Para não ficar apenas em reprises, o pastor Denir teve planos mais ousados e lançou três “novelas inéditas” no horário das 06h30 da manhã; sim, usavam a expressão “novelas” para anunciá-las. Assim, entre o fim do ano 2000 e começo de 2001, a produtora Mundial Produções Artísticas começou a gravar as histórias novas. Os produtores executivos foram Sergio Luiz Drodowsky e Gleici Jane Drodowsky. Sérgio foi por anos a consagrada voz da emissora, um popular locutor.

Das três produções religiosas, que na prática eram minisséries com cerca de 20 capítulos, duas estão completamente perdidas e existem poucas informações disponíveis. A primeira delas era “De Volta Para a Vida”, escrita pelo ator João Gonçalves. A segunda foi “Nas Ondas da Vida”, criada e escrita por Alynthor Magalhães Júnior, famoso roteirista de “A Praça É Nossa”, que anos depois faria roteiros de especiais de dramaturgia do SBT, como os episódios brasileiros de “Chaves” e outros humorísticos, como “Pousada do Ratinho”, “SBT Palace Hotel”, “Romeu e Julieta – com Hebe e Golias”, “Mansão Bem-Assombrada” e “Batman e Robin, uma dupla quase dinâmica – com Alexandre Frota”.

O casal protagonista de Felicidade Existe.

A terceira, “Felicidade Existe”, é a única que está quase completa disponível no YouTube. Dos 20 capítulos apenas dois estão perdidos, o 7 e o 20 – o último. A trama foi criada e escrita pelo ator Carlos Falat, conhecido por seu trabalho no teatro (inclusive com o grupo Os Satyros) e também na dublagem, em que fez personagens marcantes, como Skeeter (“Doug”), Phillip (“Os Anjinhos”), Arthur (“Babar”), Bob (“O Fantástico Mundo de Bob”) e Paul (“Anos Incríveis”). A direção ficou a cargo de Arlindo Pereira que tinha comandado as novelas “Pé de Vento” e “Cara a Cara”, ambas na Band, e vinha dirigindo o programa “Agente G” na Record. Como assistente de direção estava o ator Tadeu Menezes, que atuou em muitas novelas do SBT como “Pérola Negra”, “Fascinação” e “Amor e Ódio”.

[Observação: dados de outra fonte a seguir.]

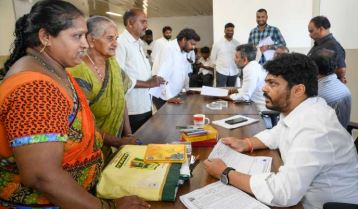 అవినీతికి పాల్పడుతున్న అవుట్ సోర్సింగ్ ఉద్యోగిని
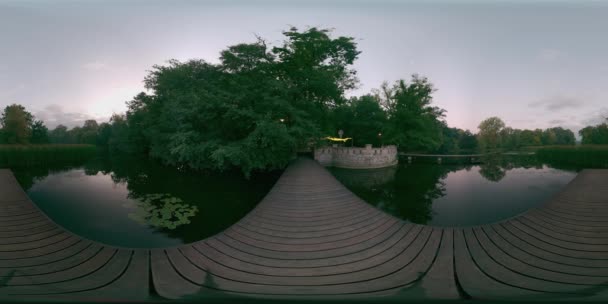 Morgonsjön i skogen. Sammer Evening Panorama — Stockvideo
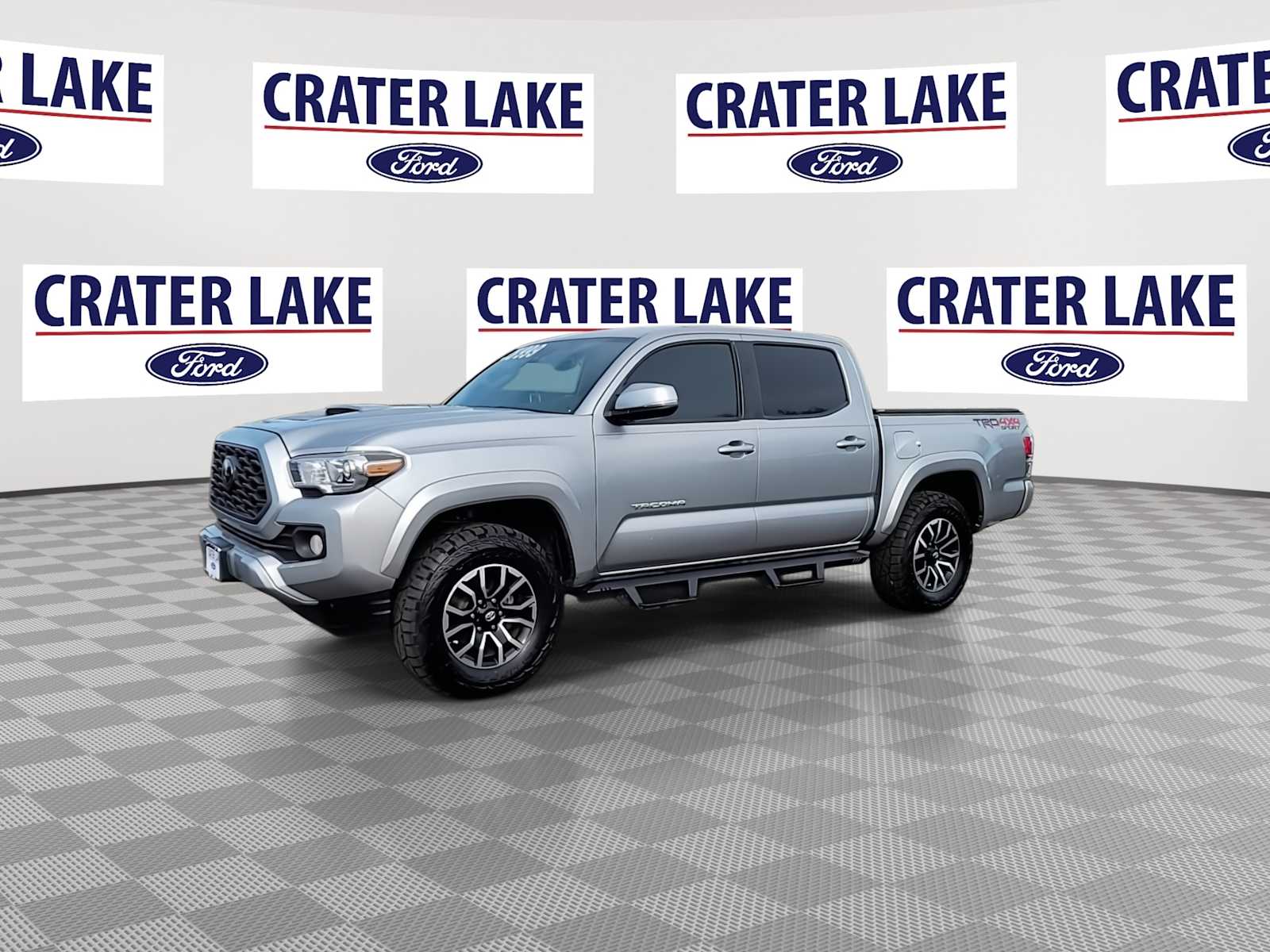 Thumbnail: 2022 Toyota Tacoma - 4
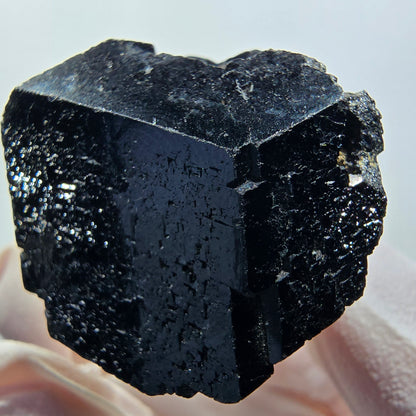 Rare cristal de tourmaline schorl symétrique, Erongo, Namibie, 31*31*22 mm #12283 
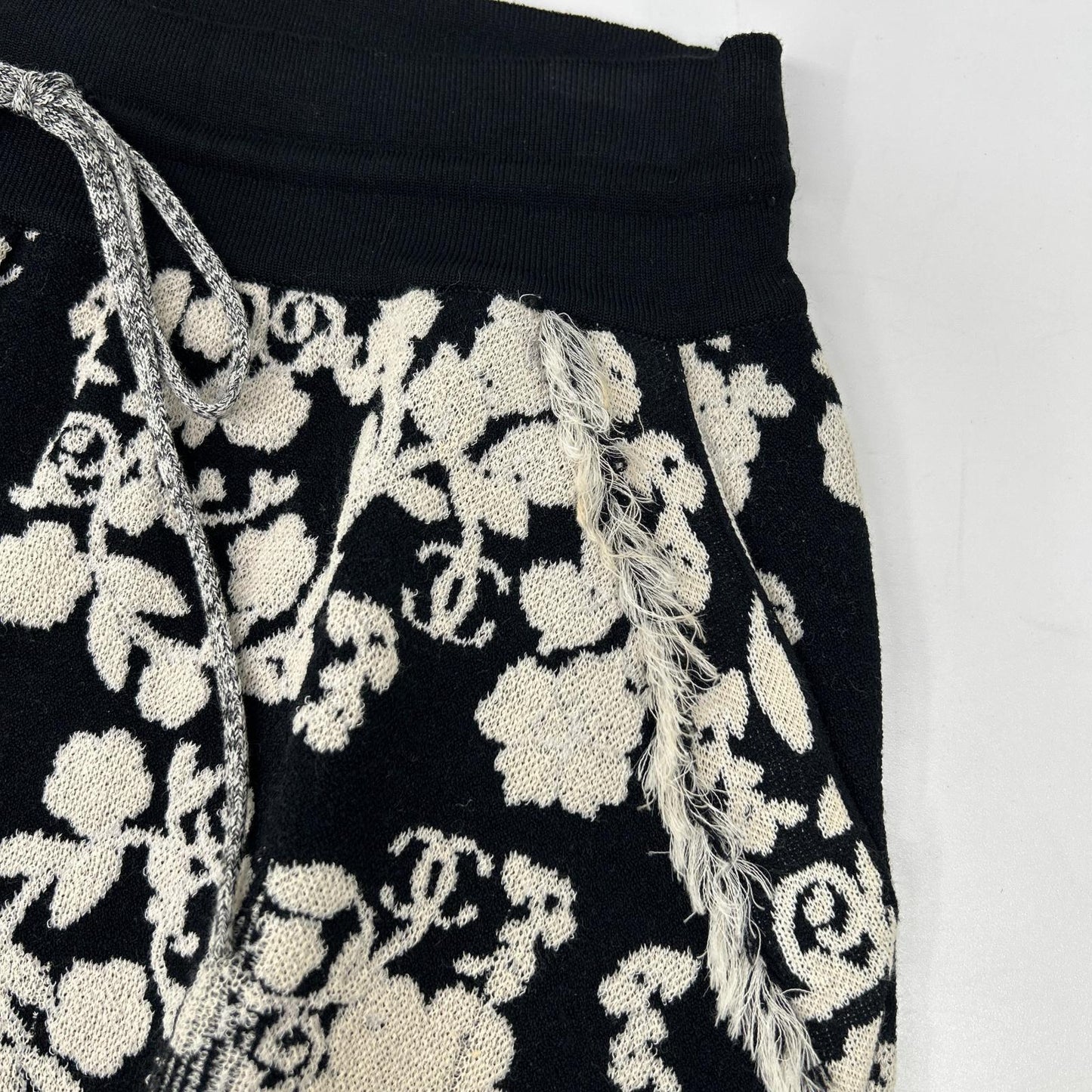 CHANEL シャネル P47652 ココマークリーフ刺繍 パイルショーツ ボトムス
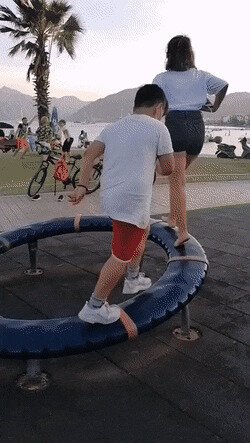 прикольно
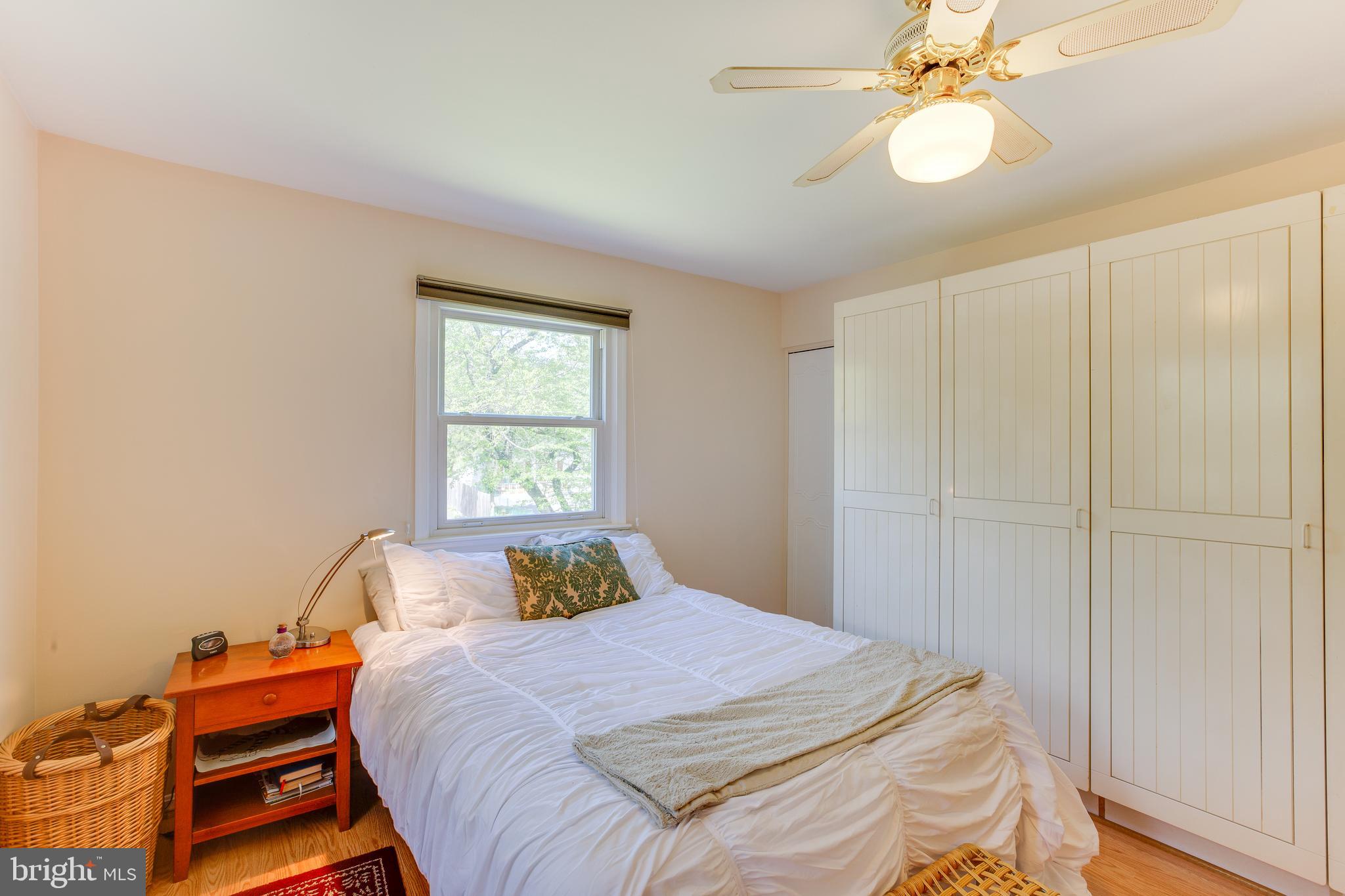 11340 Rambling Road Gaithersburg, MD 20879 - Photo 23 of 42 Bedroom 2 with plenty of closet space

A história da minissérie girava em torno do pastor e ex-deputado João Batista Ramos da Silva (Gilson Ajala) e de sua esposa Marilene (Eloísa Cichowicks). Ambos enfrentam muitos problemas e tribulações ao longo dos 18 primeiros episódios, com muitas “tentações mundanas” como uma amante para João Batista vivida por Sonia Ferreira. A solução vem nos dois capítulos finais, quando eles conhecem a Igreja Universal do Reino de Deus e são convertidos. Em paralelo a isso mais “pecado” nas tramas paralelas, com temas polêmicos como o alcoolismo de Debora (Nana Pequini). Os atores da obra eram quase todos oriundos do teatro e da dublagem paulista. Eloísa já tinha feito antes outra minissérie religiosa da Rede Record, “O Direito de Vencer”. Gilson também já tinha atuado na Record em “Por Amor e Ódio” e faria trabalhos em dublagem, como na série “24 Horas”, em foi a voz de três personagens: Dr. Levinson (Paul McGillion); Stephen (Paul Wesley) e Hamid Al-Zarian (Rafi Gavron).

Cena do penúltimo capítulo, a cura na Igreja Universal

Completam o elenco: Sônia Ferreira, Marcelo Franzolin, Maria Viana, Salete Fracaroli, Osvaldo Gonçalves, Itala Morahddei, Nana Pequini, Marvin de Souza, Edna Falchetti, Carlos Godoy, Domingos Charik, Carlos Aguiar, Vivian Goldmann, Charles Daves, Clovis Gonçalves, Chico Neto, Gabriela Lóis, Djalma Lima, Antônio Neto, Nany de Lima, Carlos Falat, Edison Socio, Lene Bastos e Roberta Malta.

Os fãs de dublagem devem reconhecer nomes como Sonia Ferreira, voz brasileira de atrizes mexicanas como Ninón Sevilla (“Maria do Bairro” e “A Usurpadora”) e Beatriz Moreno (“Rosa Selvagem” e “O Privilégio de Amar”); e Lene Bastos, a dubladora da Cleo de Nile em “Monster High” e de diversos outros desenhos animados.

Em paralelo o elenco gravava novelas de rádio para a Rede Aleluia de Rádio. Carlos Falat escreveu duas radionovelas naquele ano: “O Passaporte para a Vitória” e “Rumo Certo”, em que contava a história dos ouvintes e como a Igreja Universal do Reino de Deus mudava a vida delas.